Dale Drinnon, on a post with many references to non-pterosaurs in Africa, offers an interesting suggestion for the origin of the word “kongamato.” He says that the kongamato was “originally a water-monster that arose from the water and overturned canoes.” He offers this explanation, that a stingray “might be able to upset a small canoe,” meeting the requirement for the literal meaning of “kongamato,” which I believe is something like “he who overturns boats.”

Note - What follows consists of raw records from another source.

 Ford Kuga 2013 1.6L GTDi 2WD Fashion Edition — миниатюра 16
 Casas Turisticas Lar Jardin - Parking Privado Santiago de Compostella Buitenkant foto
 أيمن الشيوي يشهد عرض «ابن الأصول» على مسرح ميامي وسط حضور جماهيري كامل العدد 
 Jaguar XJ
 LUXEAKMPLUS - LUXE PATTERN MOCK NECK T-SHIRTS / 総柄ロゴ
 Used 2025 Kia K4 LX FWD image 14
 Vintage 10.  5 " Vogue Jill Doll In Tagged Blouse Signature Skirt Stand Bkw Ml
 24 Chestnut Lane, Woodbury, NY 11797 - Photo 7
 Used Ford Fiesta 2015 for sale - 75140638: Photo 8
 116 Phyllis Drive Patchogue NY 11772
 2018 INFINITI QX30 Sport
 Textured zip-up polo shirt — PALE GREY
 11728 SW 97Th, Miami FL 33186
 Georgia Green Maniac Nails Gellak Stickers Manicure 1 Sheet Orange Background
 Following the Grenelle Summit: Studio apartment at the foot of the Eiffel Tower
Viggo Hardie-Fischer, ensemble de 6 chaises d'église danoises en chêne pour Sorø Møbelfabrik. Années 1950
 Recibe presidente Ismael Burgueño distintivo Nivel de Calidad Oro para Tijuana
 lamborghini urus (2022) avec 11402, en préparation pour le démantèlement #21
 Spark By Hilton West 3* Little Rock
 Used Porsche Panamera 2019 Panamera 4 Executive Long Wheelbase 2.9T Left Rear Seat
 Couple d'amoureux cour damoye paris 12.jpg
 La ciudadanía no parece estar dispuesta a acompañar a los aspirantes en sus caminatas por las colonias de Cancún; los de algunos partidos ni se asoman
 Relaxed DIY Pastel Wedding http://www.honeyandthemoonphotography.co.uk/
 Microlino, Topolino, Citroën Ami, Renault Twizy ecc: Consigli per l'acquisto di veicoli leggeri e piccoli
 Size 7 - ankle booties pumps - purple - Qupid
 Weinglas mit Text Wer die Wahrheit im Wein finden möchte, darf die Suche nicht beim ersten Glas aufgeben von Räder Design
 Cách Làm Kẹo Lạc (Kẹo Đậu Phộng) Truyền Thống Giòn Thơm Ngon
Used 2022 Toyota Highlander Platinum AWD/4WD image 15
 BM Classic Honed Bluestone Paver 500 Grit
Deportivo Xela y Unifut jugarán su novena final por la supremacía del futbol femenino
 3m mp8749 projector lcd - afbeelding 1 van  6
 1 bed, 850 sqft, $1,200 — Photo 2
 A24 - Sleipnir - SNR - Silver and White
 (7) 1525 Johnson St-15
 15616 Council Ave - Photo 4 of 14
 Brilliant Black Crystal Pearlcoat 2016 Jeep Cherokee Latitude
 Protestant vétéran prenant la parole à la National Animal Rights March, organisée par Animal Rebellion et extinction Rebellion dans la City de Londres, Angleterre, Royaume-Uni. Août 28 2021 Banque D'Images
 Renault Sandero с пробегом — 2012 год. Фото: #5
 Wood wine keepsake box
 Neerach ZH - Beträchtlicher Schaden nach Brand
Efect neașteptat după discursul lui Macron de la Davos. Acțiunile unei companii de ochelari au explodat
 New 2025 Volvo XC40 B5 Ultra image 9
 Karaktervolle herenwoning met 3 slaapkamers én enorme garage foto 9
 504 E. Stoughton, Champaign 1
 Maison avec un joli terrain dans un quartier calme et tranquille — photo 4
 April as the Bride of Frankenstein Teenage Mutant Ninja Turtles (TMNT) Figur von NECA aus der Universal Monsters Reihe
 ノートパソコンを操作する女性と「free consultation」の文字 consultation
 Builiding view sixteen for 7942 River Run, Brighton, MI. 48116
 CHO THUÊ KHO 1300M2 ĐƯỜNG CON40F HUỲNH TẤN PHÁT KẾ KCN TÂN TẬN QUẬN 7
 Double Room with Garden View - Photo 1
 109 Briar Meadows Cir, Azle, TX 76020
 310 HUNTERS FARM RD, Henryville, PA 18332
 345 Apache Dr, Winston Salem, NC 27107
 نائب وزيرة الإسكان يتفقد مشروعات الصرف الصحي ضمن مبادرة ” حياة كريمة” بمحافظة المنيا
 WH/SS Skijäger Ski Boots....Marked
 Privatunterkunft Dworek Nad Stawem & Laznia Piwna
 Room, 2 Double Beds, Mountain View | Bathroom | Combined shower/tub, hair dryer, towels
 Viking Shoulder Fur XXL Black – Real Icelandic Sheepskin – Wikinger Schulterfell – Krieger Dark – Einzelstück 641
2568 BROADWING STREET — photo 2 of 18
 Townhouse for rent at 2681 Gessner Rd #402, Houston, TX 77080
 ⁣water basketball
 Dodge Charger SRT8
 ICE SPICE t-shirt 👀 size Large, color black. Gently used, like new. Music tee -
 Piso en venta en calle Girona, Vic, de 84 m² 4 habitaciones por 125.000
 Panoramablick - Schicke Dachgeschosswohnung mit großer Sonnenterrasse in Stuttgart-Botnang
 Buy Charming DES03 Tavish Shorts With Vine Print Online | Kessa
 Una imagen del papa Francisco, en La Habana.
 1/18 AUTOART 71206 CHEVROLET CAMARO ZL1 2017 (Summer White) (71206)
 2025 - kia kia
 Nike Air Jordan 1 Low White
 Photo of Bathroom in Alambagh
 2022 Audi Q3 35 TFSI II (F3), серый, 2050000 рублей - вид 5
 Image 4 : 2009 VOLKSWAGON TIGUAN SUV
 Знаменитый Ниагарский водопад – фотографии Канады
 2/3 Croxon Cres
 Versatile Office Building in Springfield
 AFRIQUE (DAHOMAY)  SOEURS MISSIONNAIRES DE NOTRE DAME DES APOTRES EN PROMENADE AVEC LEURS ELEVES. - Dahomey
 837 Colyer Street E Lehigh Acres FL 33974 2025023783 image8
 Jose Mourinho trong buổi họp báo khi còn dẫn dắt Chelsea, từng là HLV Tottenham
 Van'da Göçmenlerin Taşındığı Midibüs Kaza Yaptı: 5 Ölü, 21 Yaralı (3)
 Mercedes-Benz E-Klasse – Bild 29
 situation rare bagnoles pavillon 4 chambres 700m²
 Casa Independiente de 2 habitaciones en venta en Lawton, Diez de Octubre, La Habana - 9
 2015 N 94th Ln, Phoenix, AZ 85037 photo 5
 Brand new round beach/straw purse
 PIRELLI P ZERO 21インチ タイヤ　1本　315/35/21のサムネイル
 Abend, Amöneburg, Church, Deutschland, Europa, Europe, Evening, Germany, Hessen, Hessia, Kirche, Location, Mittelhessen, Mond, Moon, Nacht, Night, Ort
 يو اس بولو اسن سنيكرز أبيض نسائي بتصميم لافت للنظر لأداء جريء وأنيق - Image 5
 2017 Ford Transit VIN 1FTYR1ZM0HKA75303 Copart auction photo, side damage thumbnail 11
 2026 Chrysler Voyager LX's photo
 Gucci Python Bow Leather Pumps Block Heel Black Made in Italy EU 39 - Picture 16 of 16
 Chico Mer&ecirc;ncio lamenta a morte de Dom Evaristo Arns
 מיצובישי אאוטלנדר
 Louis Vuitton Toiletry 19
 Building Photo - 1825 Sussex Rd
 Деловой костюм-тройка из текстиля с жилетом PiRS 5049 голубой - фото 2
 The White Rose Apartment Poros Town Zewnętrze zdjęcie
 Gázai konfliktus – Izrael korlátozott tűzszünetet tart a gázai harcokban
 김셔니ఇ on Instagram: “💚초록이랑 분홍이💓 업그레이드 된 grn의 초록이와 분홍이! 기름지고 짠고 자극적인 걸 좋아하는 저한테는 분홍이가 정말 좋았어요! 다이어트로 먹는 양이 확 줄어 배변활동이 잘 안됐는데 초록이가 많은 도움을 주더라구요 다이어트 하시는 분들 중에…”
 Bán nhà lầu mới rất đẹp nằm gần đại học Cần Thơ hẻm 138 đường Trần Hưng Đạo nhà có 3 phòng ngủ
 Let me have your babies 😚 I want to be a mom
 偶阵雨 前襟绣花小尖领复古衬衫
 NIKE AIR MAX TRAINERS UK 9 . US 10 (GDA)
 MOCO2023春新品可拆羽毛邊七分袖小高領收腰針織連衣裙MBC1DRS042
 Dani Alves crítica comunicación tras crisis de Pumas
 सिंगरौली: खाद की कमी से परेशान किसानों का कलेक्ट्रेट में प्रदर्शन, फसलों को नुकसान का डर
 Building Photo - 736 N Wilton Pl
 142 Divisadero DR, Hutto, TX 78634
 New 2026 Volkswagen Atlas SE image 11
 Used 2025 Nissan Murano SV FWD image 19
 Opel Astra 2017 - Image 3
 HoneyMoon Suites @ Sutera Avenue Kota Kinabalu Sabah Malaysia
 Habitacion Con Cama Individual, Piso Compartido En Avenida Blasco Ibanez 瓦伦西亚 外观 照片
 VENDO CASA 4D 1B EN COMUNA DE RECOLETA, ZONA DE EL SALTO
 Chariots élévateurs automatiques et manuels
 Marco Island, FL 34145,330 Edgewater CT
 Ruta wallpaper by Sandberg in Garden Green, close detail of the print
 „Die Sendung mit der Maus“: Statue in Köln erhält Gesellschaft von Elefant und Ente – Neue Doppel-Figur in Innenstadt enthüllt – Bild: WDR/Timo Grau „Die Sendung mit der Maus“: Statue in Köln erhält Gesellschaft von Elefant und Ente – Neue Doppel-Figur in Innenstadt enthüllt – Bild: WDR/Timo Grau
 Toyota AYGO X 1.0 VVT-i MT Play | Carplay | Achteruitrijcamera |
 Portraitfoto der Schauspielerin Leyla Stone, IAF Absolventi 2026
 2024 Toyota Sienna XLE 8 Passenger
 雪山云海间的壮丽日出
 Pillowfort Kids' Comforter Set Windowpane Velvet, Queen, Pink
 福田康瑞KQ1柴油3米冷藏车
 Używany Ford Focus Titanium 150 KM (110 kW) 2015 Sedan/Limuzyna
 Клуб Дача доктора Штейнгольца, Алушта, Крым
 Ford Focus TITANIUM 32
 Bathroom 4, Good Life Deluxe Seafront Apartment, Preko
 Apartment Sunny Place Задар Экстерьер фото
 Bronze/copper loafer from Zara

Drinnon then makes a broad statement, declaring that no pterosaur could ever overturn any canoe because no pterosaur would have enough mass. I disagree, submitting the following as more convincing than the reasoning of Drinnon:

Objectiveness and Live Pterosaurs

He believes a large stingray could overturn a boat (“Kongamato” means overturner of boats), declaring that a pterosaur would never have enough mass to overturn a boat. I find a number of serious problems with that pterosaur-impossible assumption, although there may have been some instances of large stingrays being labeled “Kongamato.” The point is twofold: His dismissal of the pterosaur possibility is flawed and the dependence on the label “Kongamato” can cause problems as well as solve them.

How are small boats usually overturned? A human in a small boat makes a wrong move. Put yourself into that small boat and how would you react to an attack by a reported-dangerous flying creature with many teeth? How could you avoid making a wrong move for a small boat? How easy for a terrified human to overturn a boat that was dive-bombed by a Kongamato!  What difference does it make if the mass of that flying creature is insufficient to overturn a boat by only an impact?

The above blog posts also goes into details about how presumptuous it is to assume that no modern pterosaur could be different than those species we know from fossils.

Pterosaurs or Stingrays in Africa

Regardless of what caused natives, long ago, to name this frightening creature, many reports of apparent pterosaurs in Africa involve featherless creatures flying over land, not jumping out of water, as a stingray may do on occasion. Although some modern pterosaurs appear to live close to water (even catching fish on reefs, as is the case with the ropen of Papua New Guinea) the sighting reports themselves, when details are noted, eliminate any reasonable possibility that what was seen was a stingray.

It’s not that Drinnon offers the freshwater stingray as an explanation for most sightings of what have been called “kongamato” in Africa. He offers a winged lizard as a better candidate, but I suspect he has taken too narrow a perspective in disregarding living pterosaurs as an explanation.